***** PROVIDED DATA

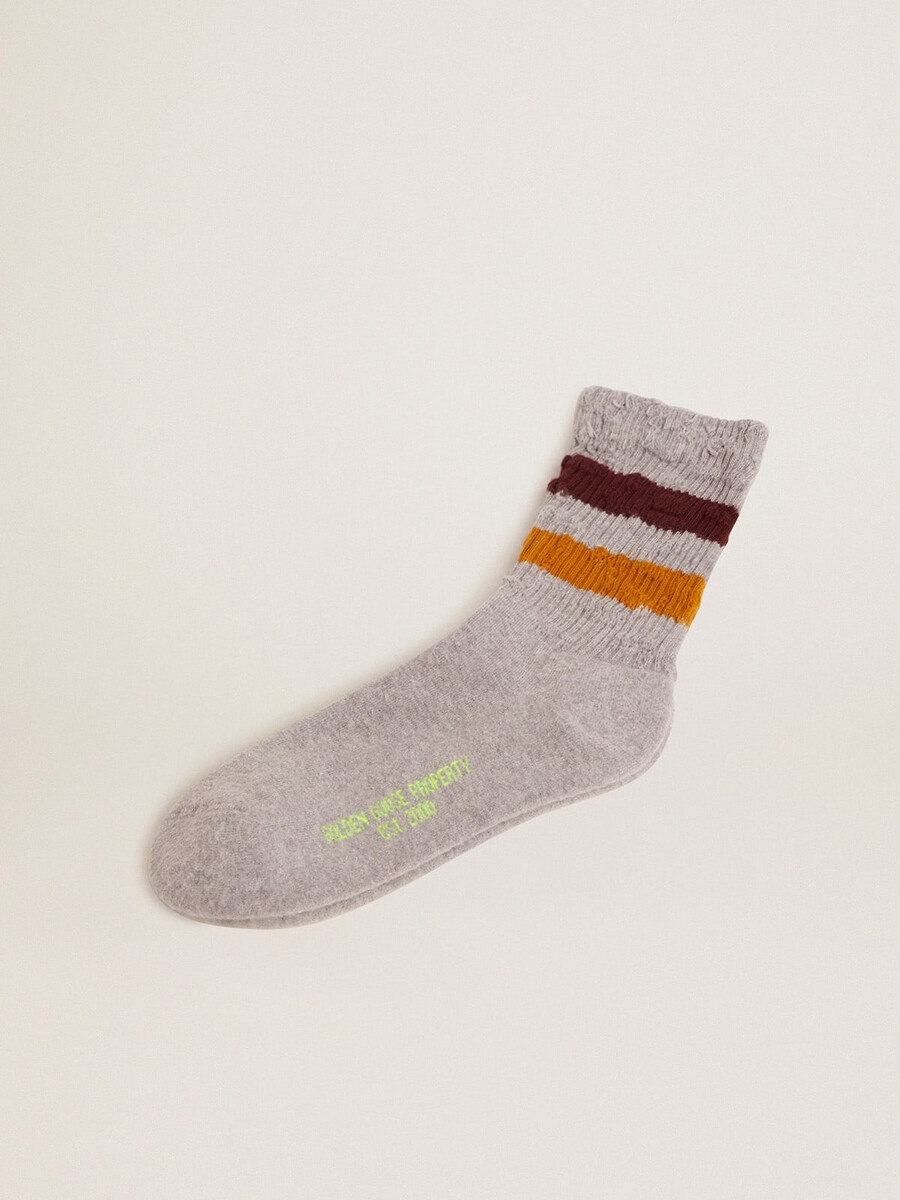 melange-graue socken mit used-look-details und zweifarbigen streifen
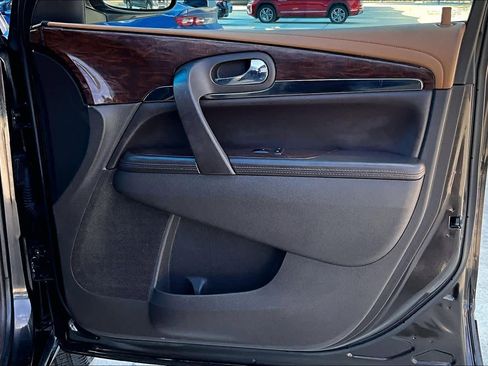 Used 2013 Buick Enclave Leather image 23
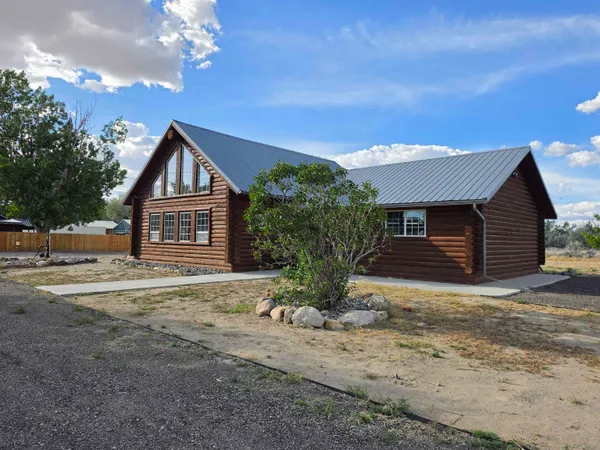 $475,000 | 311 Bridge Avenue, Worland, WY 82401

**********

■ PROBLEM DETAILS
Without including a single picture, restate all of the data word for word.

■ TASK ANSWER
 melange-graue socken mit used-look-details und zweifarbigen streifen
 Used 2013 Buick Enclave Leather image 23
 $475,000 | 311 Bridge Avenue, Worland, WY 82401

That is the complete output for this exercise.